Dans la correspondance d'un marin à sa famille en 14-18, quelques passages sont écrits en breton. Un bretonnant pourrait-il m'en faire la traduction s'il vous plait ?
"Demain il y a bataille de confettis à mon bord c'est à dire que l'on embarque du charbon. ici il y aura des garçons qui auront les yeux noirs encore [...] Enfin toujours le même pas bileux"
Bonjour Véronique, Je ne suis pas la bonne personne mais l'exercice me tente. 2 mots ne sont pas clairs: gui.... et dru.... "ar paot braz a gui... e gorf evel eun dru.....)
Si on admet guisk et drujenn (treujenn kaol: le trognon du chou à vaches) ça pourrait faire mot à mot
le grand gars qui 'habille son corps comme un trognon En français on a l'expression " grand échalas " qui n'en est pas loin.
Notre marin s'exprime de façon énigmatique avec des expressions comme "bataille de confettis" , " embarquer du charbon" " les garçons auront les yeux noirs". La suite de la lettre nous éclaire-t-elle sur le sens de ces expressions?

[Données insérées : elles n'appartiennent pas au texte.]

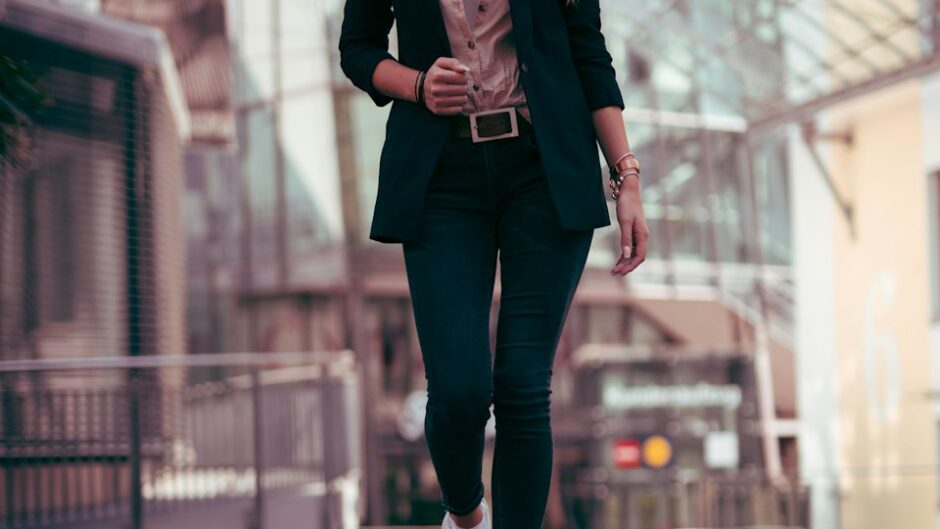 confident woman in a black blazer standing outdoors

Bon j'ai pris un risque .Je vais certainement recevoir une leçon de bien meilleurs brittophones que moi. Je l'aurais cherchée.
C'est un écrit sans doute un peu codé et en partie en breton pour échapper à la censure .(temps de guerre) Embarquer du charbon doit sans dire vouloir dire embarquer du vin rouge et l'expression " aman et vezo.......a darre "" il y aura des gars qui auront trop bu" Cordialemnent
aman (ici) a vezo (il y a) potred (des gars) ag a vezo (qui ont) du o daoulagad a darre("noir les yeux encore") , ar paot braz (un grand gars) da guenta e gorf evel eun prujen (
La derniere phrase (soulignée) ne me "revient" pas !!!
Cordialement, François.
Francois MEVELLEC, Né à CORAY, nombreux ascendants sur ELLIANT, TOURCH, LANGOLEN, TREGOUREZ, EDERN, BRIEC, PLOGONNEC, LAZ & SAINT GOAZEC. CGF 07912 (Antenne de Quimper) CG22 3962 Site : http://www.fazery.net
S'il y a une lettre qui est caractéristique de l'écriture de notre matelot c'est bien le d. Demain, du (charbon) potred, adarre.
Et c'est bien ce d très particulier l'initiale du mot qui nous agace.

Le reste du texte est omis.